### DATA PROVIDED
***
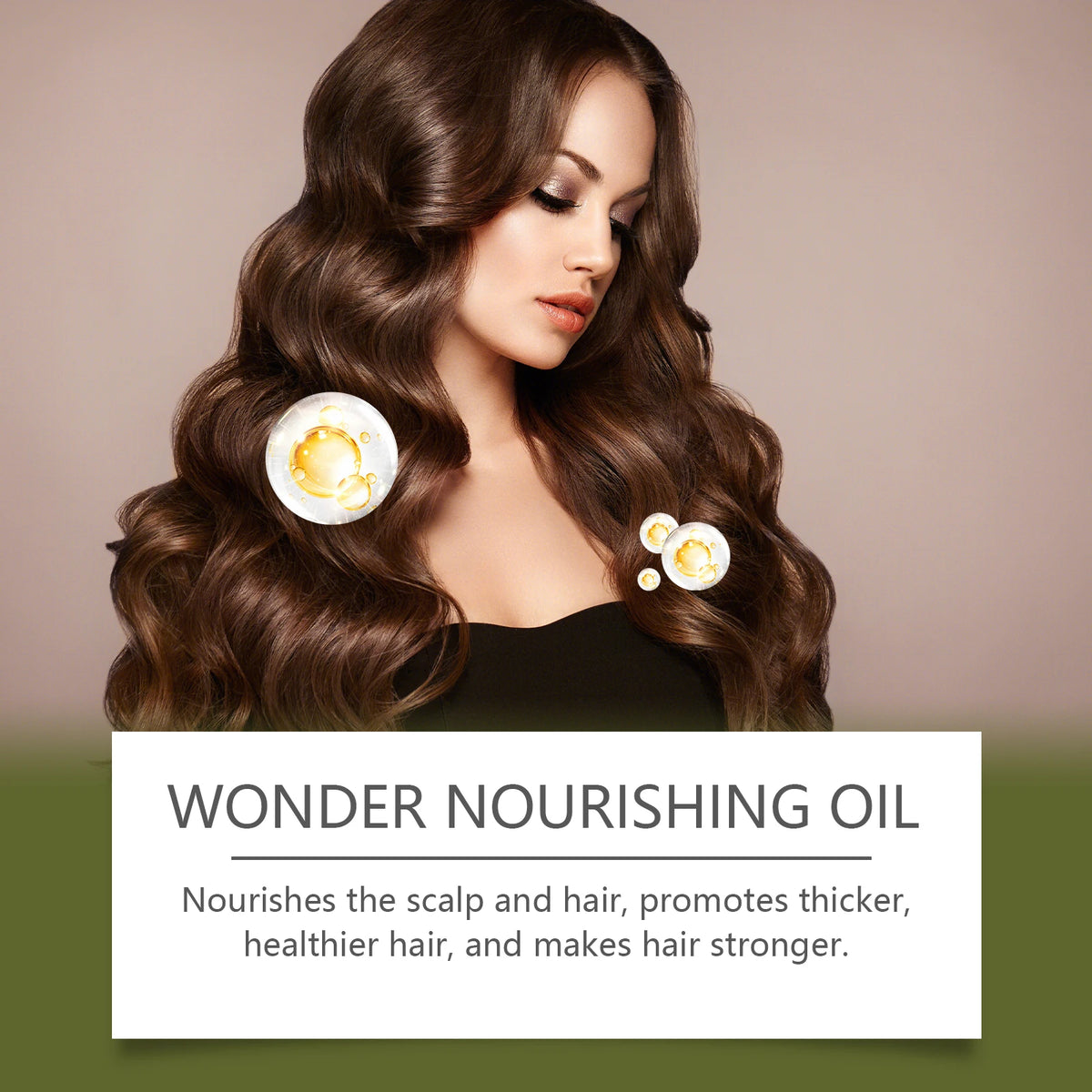 Nourishing Herbal Hair Growth Oil for Damaged Hair Repair and Strength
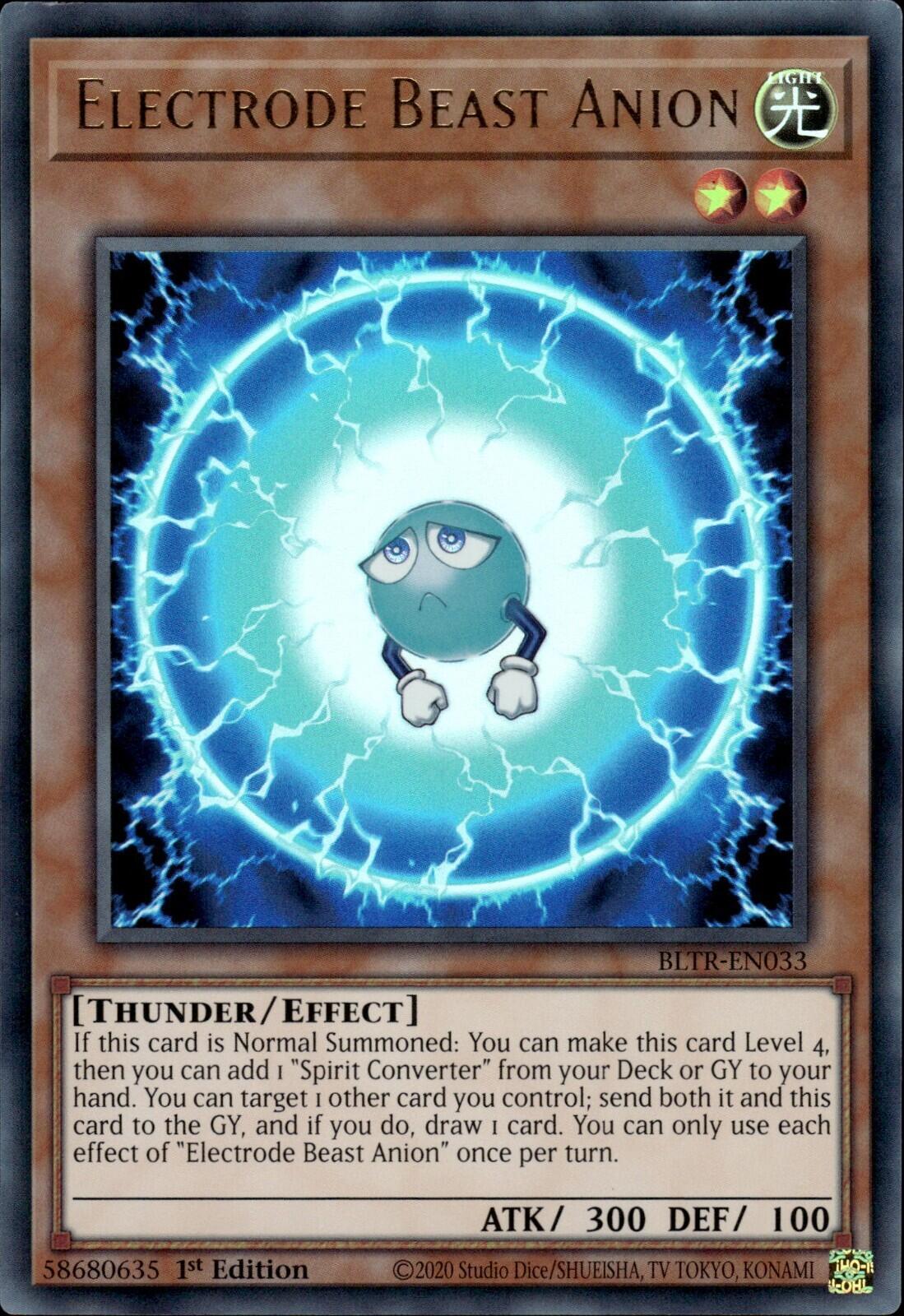 Electrode Beast Anion (BLTR-EN033) - Battles of Legend: Terminal Revenge 1st Edition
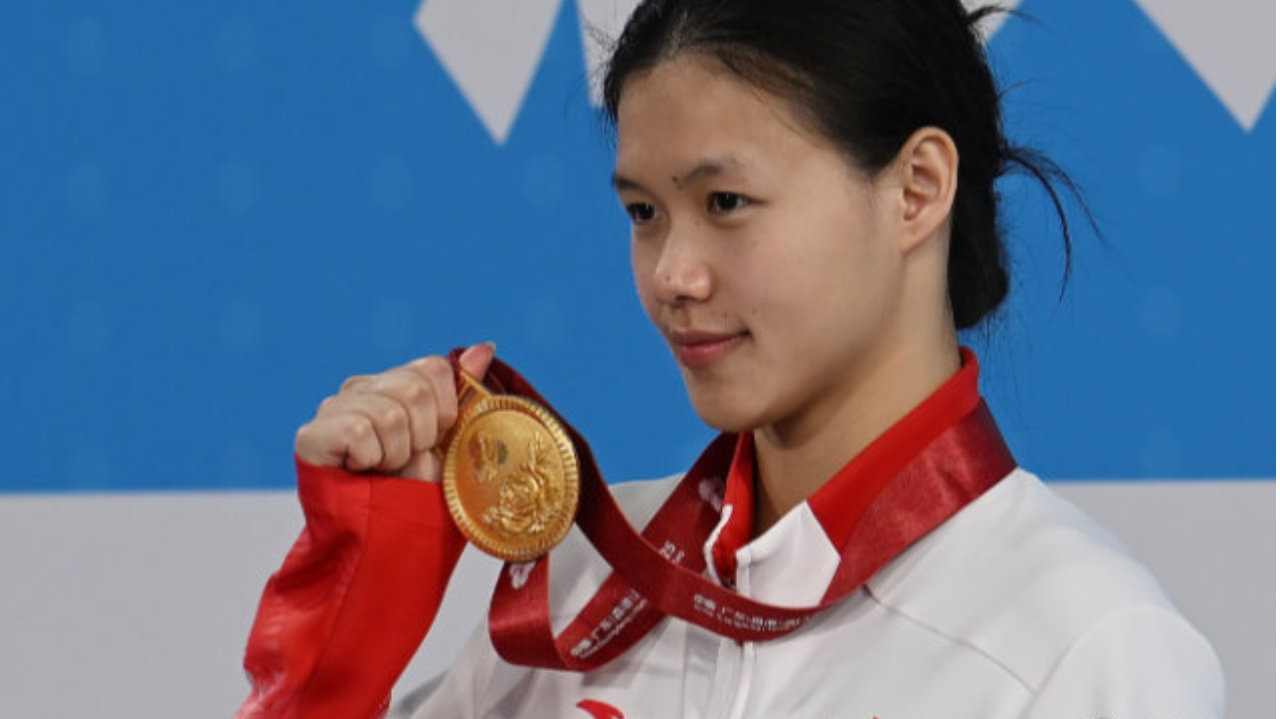 跳水女子3米板，林珊夺金加冕三冠王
***
### WORK TO COMPLETE
Go through the listing and restate each line word for word, leaving out the pictures.

### SOLUTION FOR THIS EXERCISE
 Nourishing Herbal Hair Growth Oil for Damaged Hair Repair and Strength
 Electrode Beast Anion (BLTR-EN033) - Battles of Legend: Terminal Revenge 1st Edition
 跳水女子3米板，林珊夺金加冕三冠王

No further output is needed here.